Reform Agencies, Not the Endangered Species Act
As the new administration looks at regulatory reform, many biologists within the United States Fish and Wildlife Service (USFWS) fear the Endangered Species Act (ESA) will receive a major overhaul. Complaints of unreasonable, overzealous and unethical conduct by the USFWS may no longer fall on deaf ears inside the Beltway. But when considering reforms, it’s worth asking whether the problems with the ESA are inherent to the law or are caused by the manner in which the law has been administered.
Over my 25-year career with the USFWS, I found that over 75 percent of the cases brought to the Special Agents by USFWS biologists alleging a violation of the ESA were not violations at all.
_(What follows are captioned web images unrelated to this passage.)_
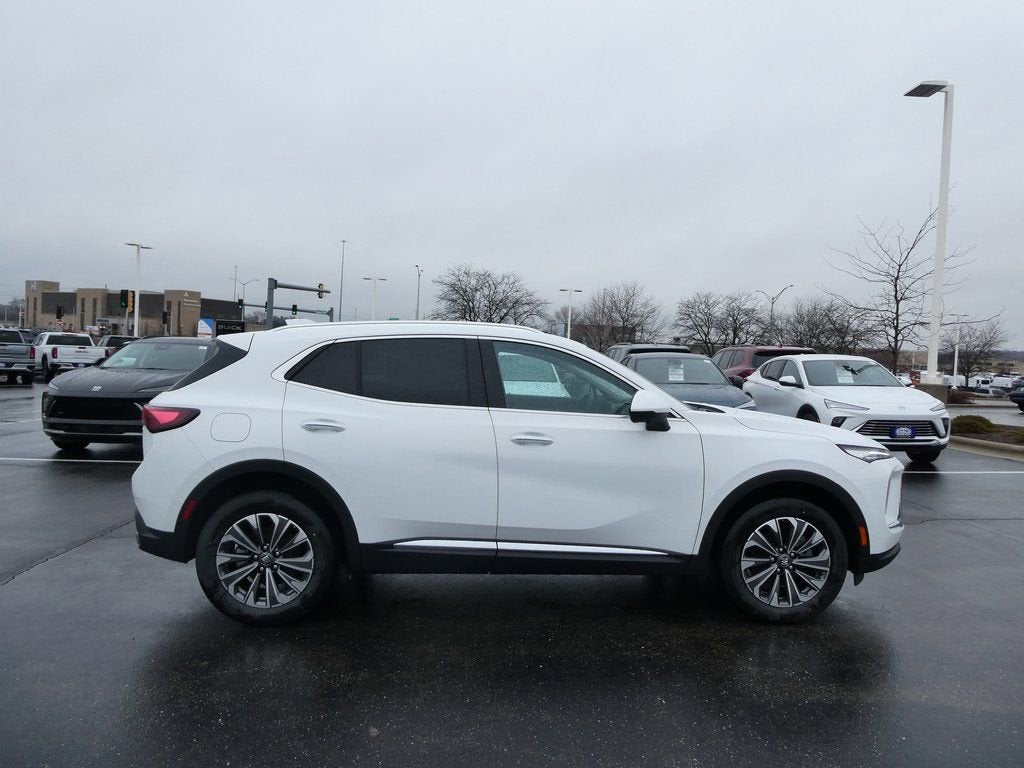 2026 Buick Envision Preferred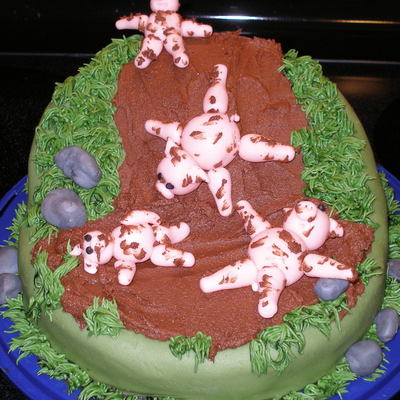 Mudslide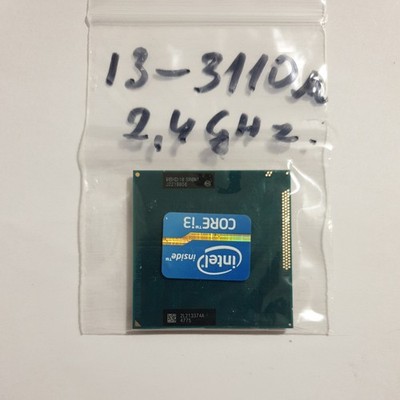 Intel Core i3-3110M SR0T4 2,40Ghz Prozessor CPU Top. 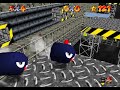 SM64 Star Road - Bob-omb Battle Factory (Major Hack Preview)
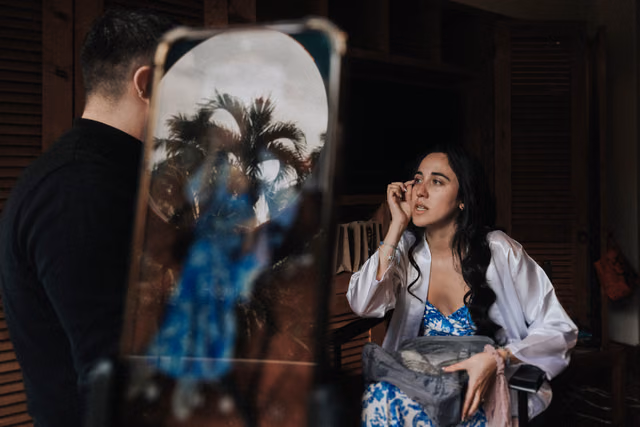 Viví & Arturo — Club Regina, Pto Vallarta, Jalisco mx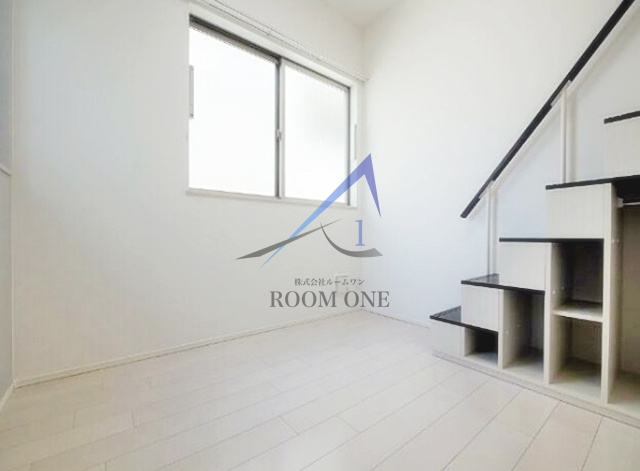 ハーモニーテラス足立の居間・リビング|洋室のお部屋です。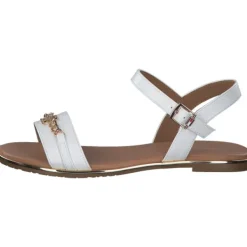 Kinder Tommy Hilfiger Sandaletten<T3A2-33254, Sandaletten, Kinder, Weiß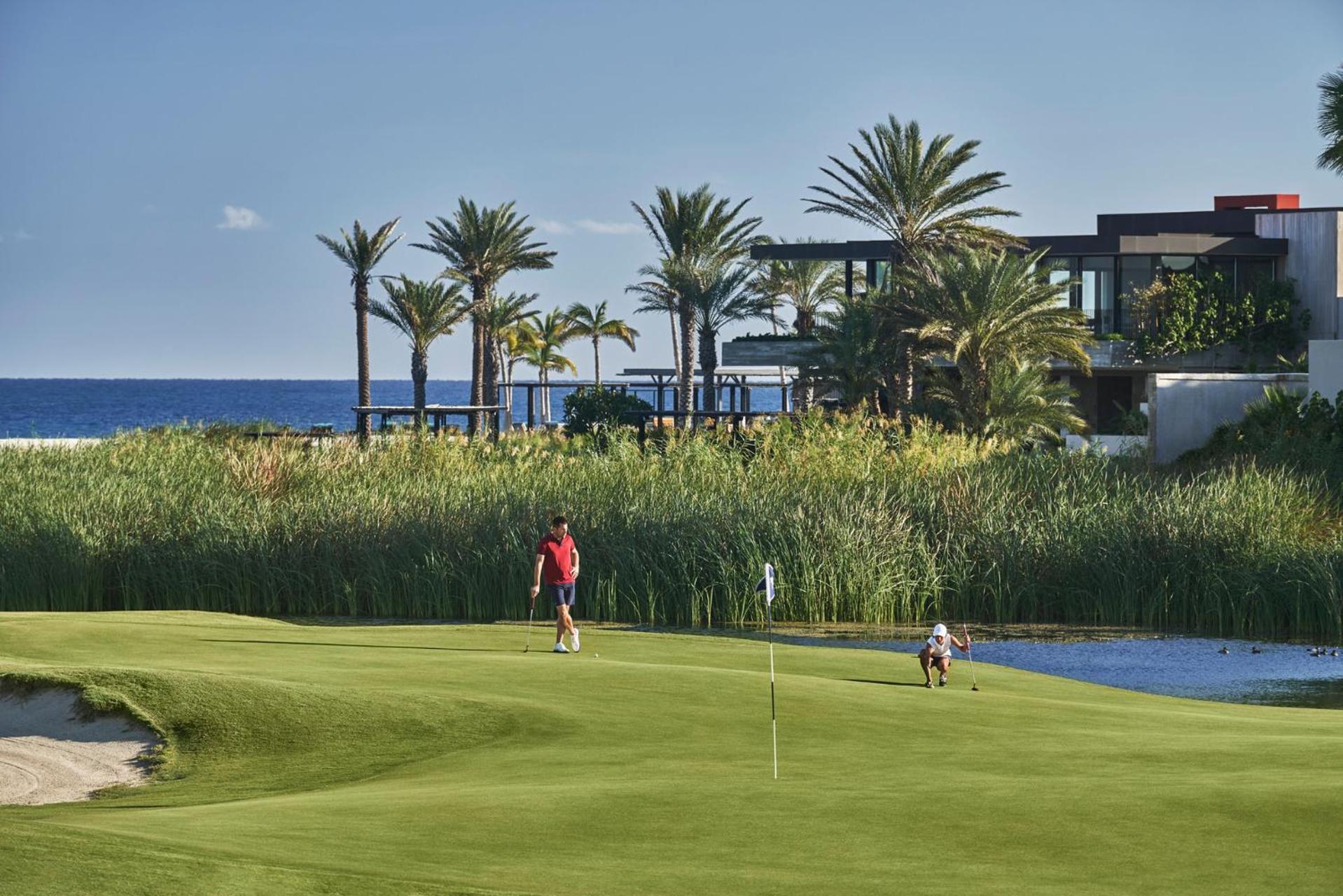 Four Seasons Resort Los Cabos Ла-Рибера Экстерьер фото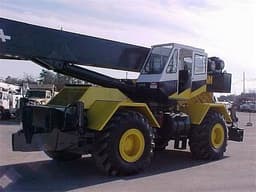 P H Rough Terrain Crane Omega 40 203241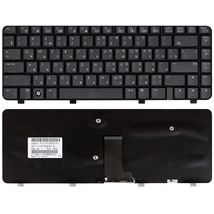 Клавиатура для ноутбука HP Presario С700 C700T, C727, C729, C730 Black, RU
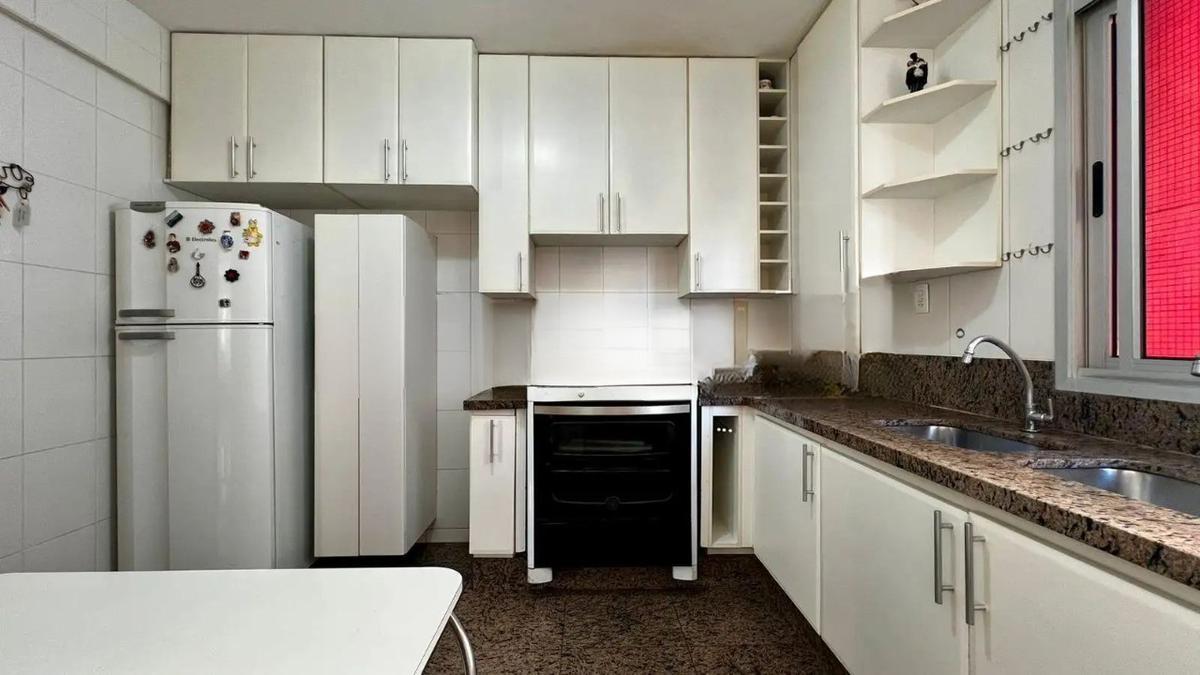 Apartamento, Buritis, 4 Quartos, 3 Vagas, 1 Suíte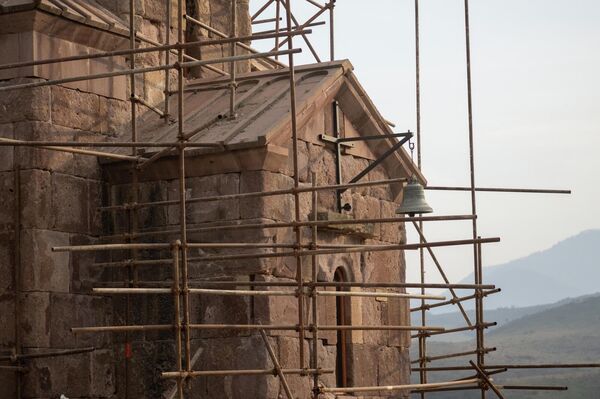 Ոսկեպարի Սուրբ Աստվածածին եկեղեցին - Sputnik Արմենիա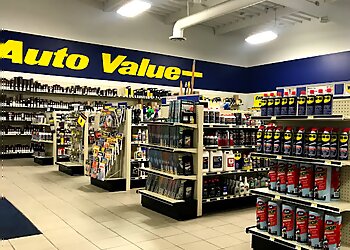 Lethbridge auto parts store Auto Value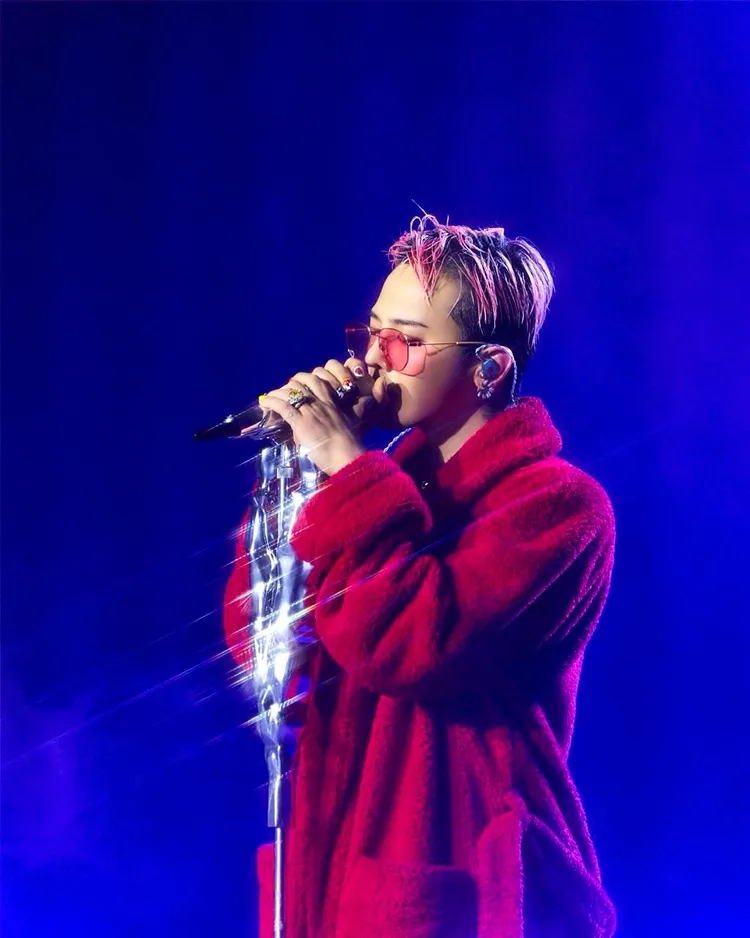 馥馬爾香氛的獵心麝香，是GD的私藏愛香。翻攝IG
Alarmingly, many lacked a fundamental understanding of the required elements for a violation of the ESA, demonstrating a significant training problem within the USFWS Ecological Services Program. Worse still, even with proper training, the institutional culture within that division prevents the proper implementation of the law.
The required elements of an ESA violation involving habitat modification were clearly delineated in the 1995 Supreme Court case Sweet Home Chapter of Communities for a Greater Oregon v. Babbitt. USFWS biologists have since embraced some aspects of the Court’s decision while ignoring other aspects that conflict with how they wanted to apply the ESA.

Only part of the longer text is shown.